On peut s’interroger sur la nouvelle posture du spect-acteur dans de tels dispositifs. Que voit-il quand le temps de ce qu’il regarde ne dépend plus de son regard? Quand son regard ne fera jamais le tour de tout ce qu’il y aura à voir? Que se passe-t-il quand on ne peut jamais dit: “je l’ai vu” au sens où j’ai tout vu? C’est un bouleversement radical de l’esthétique qui est aujourd’hui quasiment impensé.
Cette quasi-objectivité numérique met bien sûr en jeu l’esthétique car est-ce encore de la perception, ce jeu infime en le perçu et le perceptible, quand le temps de la fiction me dépasse? Ce n’est plus l’esthétique telle que nous la connaissons, mais c’est encore de l’esthétique car il y a bien quelque chose à percevoir aux marges du phénomène. Ce temps qui nous dépasse signale en creux notre temporalité, face à une oeuvre numérique dont jamais je ne pourrais faire le temps, il y a mon tour, ma place, là, cet endroit où je suis. L’existence en creux. Expérience de la déception peut être (”je n’ai rien vu”), expérience de la finitude (”je n’ai presque rien vu”), expérience qui ne permet aucune maîtrise, aucune main-mise, ceci venant peut être expliquer le désintérêt de nombreux critiques qui perdent brutalement leur autorité à dire et à expliquer. Les oeuvres numériques semblent trop complexes, trop indirectes, elles supposent des explications, sans doute parce qu’elles produisent des perceptions à partir du langage, des processus donc.

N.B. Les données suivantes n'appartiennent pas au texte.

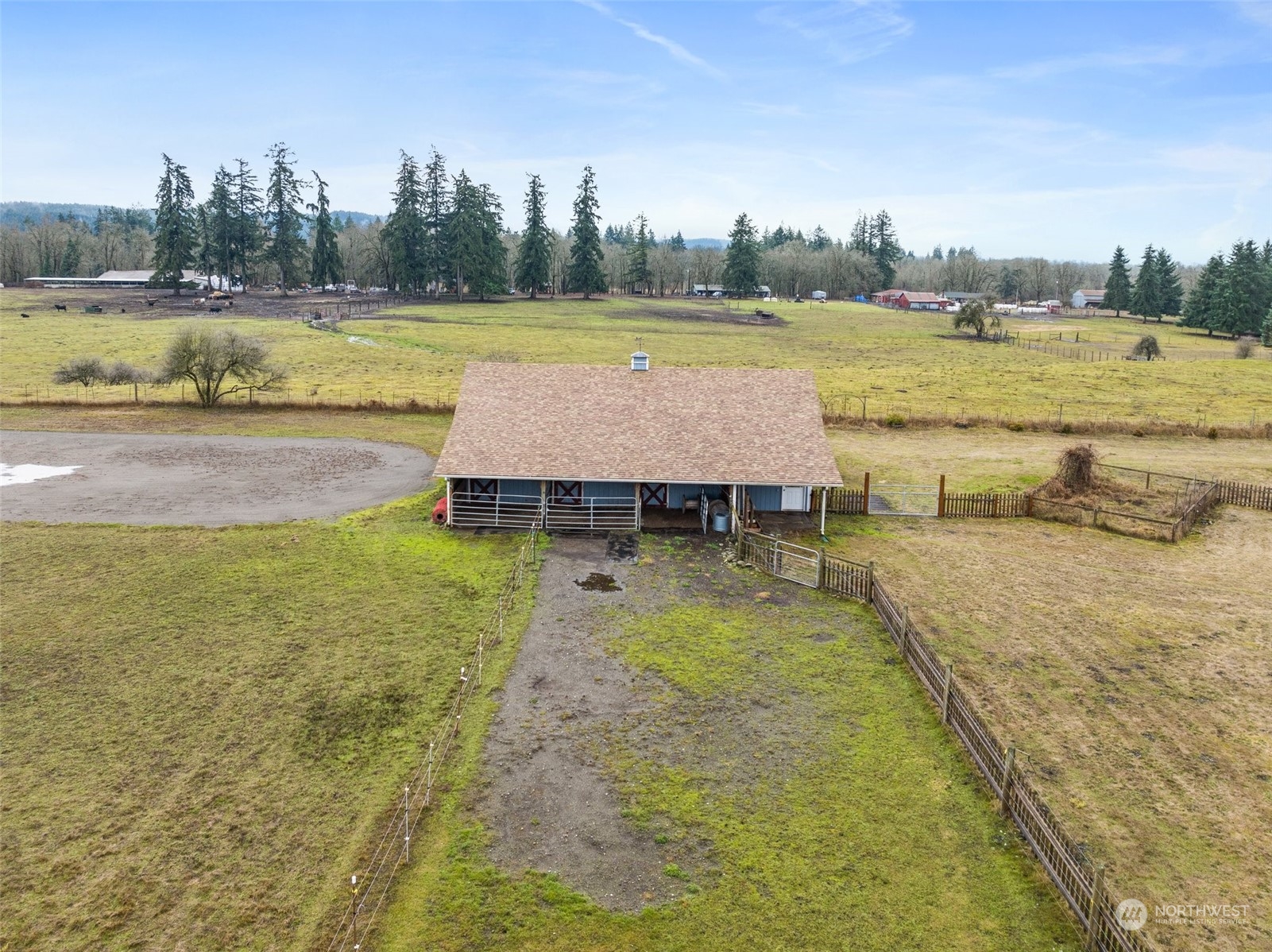 17036 Kaylen Lane Southwest Rochester, WA 98579 - Photo 35 of 40 a view of a swimming pool and trees in the background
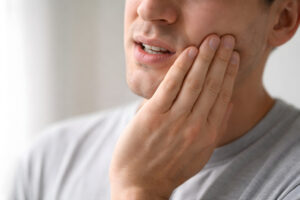 Person Holding Jaw in Pain, Focus on Hand and Lower Face - Dental Pain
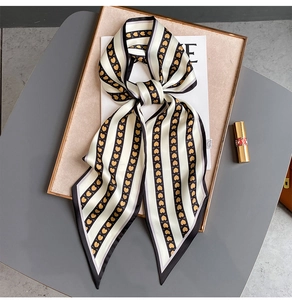 Détail d'un foulard étroit en soie beige à motifs cœurs et rayures sur un plateau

Il s’agit pas de mettre des fictions anciennes dans la boîte du numérique, la notion de cinéma interactif est simplement un anachronisme, mais de sentir combien nous devons écrire des fictions à la mesure du numérique. Qu’est-ce que l’ordinateur peut raconter qu’aucun autre médias ne peut faire? Qu’est-ce que je peux montrer comme processus que je ne pourrais pas présenter en peinture, en livre, en film? C’est sans doute ce tremblement hésitant de la vie, de cette vie que je ne connais pas, à laquelle je ne peux m’identifier, à laquelle donc je reste profondément étranger, qui est là toute proche, dans une ville sans doute. Non pas une vie, mais toutes ces vies, chaque passant, histoire que je ne connais pas, que je ne peux connaître. Une esthétique des multitudes? Simplement ces respirations.